Yasujiro was a monster of such superb ambition and arrogance that even in corruption-riddled Japan it is difficult to work out how he achieved and got away with so much for so long.

He was born in 1889 to peasant farmers; 14-year-old Yasu's first business venture was to flog fertiliser carted over from Osaka. Within six years he was paying his own way through Tokyo's Waseda university, all the time keeping one eye open for the main chance.

His luck (or genius) was to seek his fortune in land. Outside the cities, Japan was mountainous, undeveloped and cheap; Yasujiro treated it like a giant Monopoly board. His first stroke of fortune was the Great Tokyo Earthquake of 1923, which opened up acres of devastated land for builders and developers. As Japan grew affluent, it was in Yasujiro's beach resorts, golf courses and hot springs that it took its leisure, staying in Yasujiro's Prince hotels and travelling home on Yasujiro's Seib u trains.

"If you don't get close to jail you won't achieve anything," he wrote, but apart from an awkward vote-buying scandal (he was a conservative member and Speaker of the Japanese Diet), his public activities were surprisingly straightforward. It was in his personal life that the outrages were perpetrated. From the beginning Yasujiro was a ruthless bully, a hypocrite (his last years were spent buttering up foreign heads of state), and a compulsive manipulator of women. Three wives, two mistresses and seven of their children were acknowledged; countless others were discarded, discreetly married off or given jobs in his companies. "Wherever you turned in Seibu," Downer records, "there was a drop of the old man."

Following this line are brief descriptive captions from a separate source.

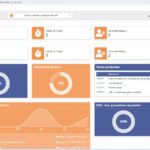 Análisis de Conformidad en Grupos Enfoque Optimizado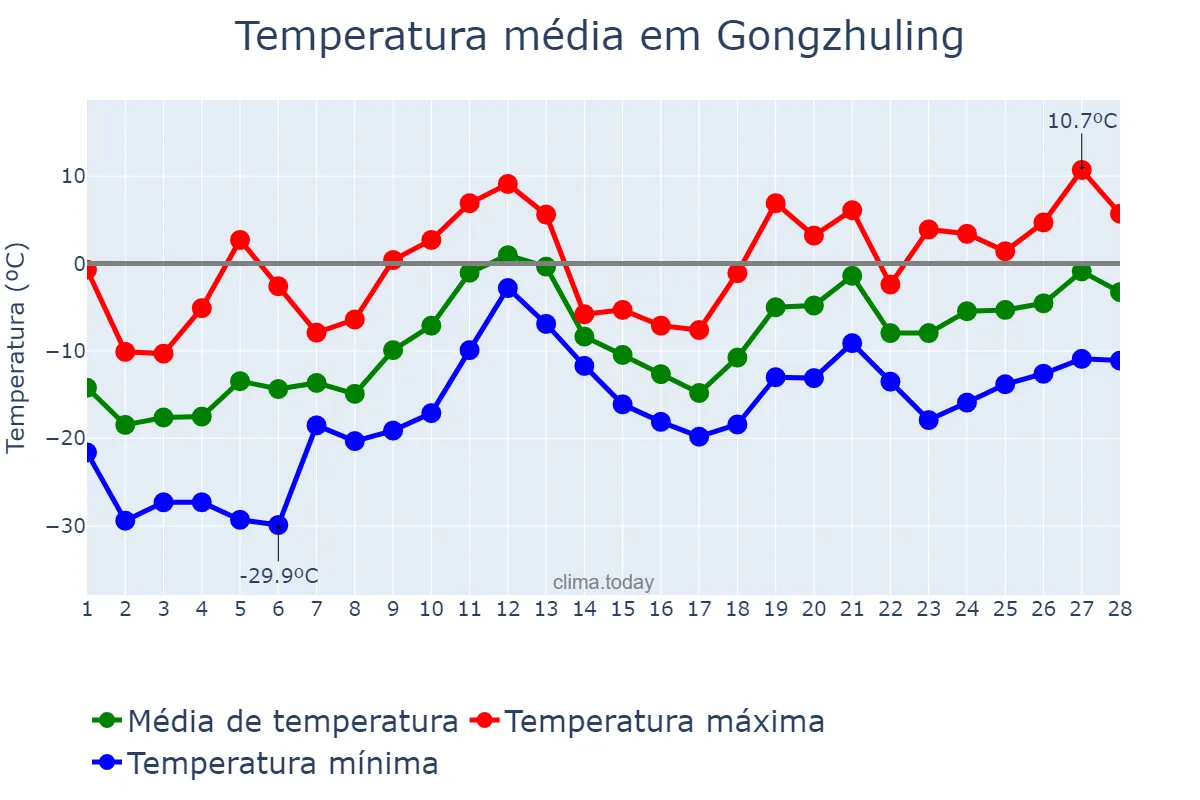 Temperatura em fevereiro em Gongzhuling, Jilin, CN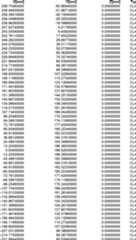 Figure DE102015221985A1_0042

The sons who succeeded him shared his golden touch but soon went their own ways. Yoshiaka inherited his father's hotels, land and railways, as well as his polygamous tendencies. Seiji got the department stores, filled them with theatres, galleries and bright graduates, and fostered a generation of designers (Issey Miyake, Eiko Ishioka), musicians (Toru Takemitsu) and dramatists (Kobo Abe). He also made his own fame with two startlingly frank romans a clef about, naturally enough, his own outrageous family.

Downer places a little too much trust in these: her most colourful moments seem be lifted from them almost verbatim, as well as from Yasujiro's own blustering autobiographies. Stylistically The Brothers is very Japanese, in its virtues as well as its faults.

The Tsutsumis' story is told, but rarely weighed up, and certain subjects (the havoc wreaked on the countryside by their roads, golf courses and ski resorts) are hardly touched upon. You are left in no doubt that these men have made a difference: but fo r better or for worse?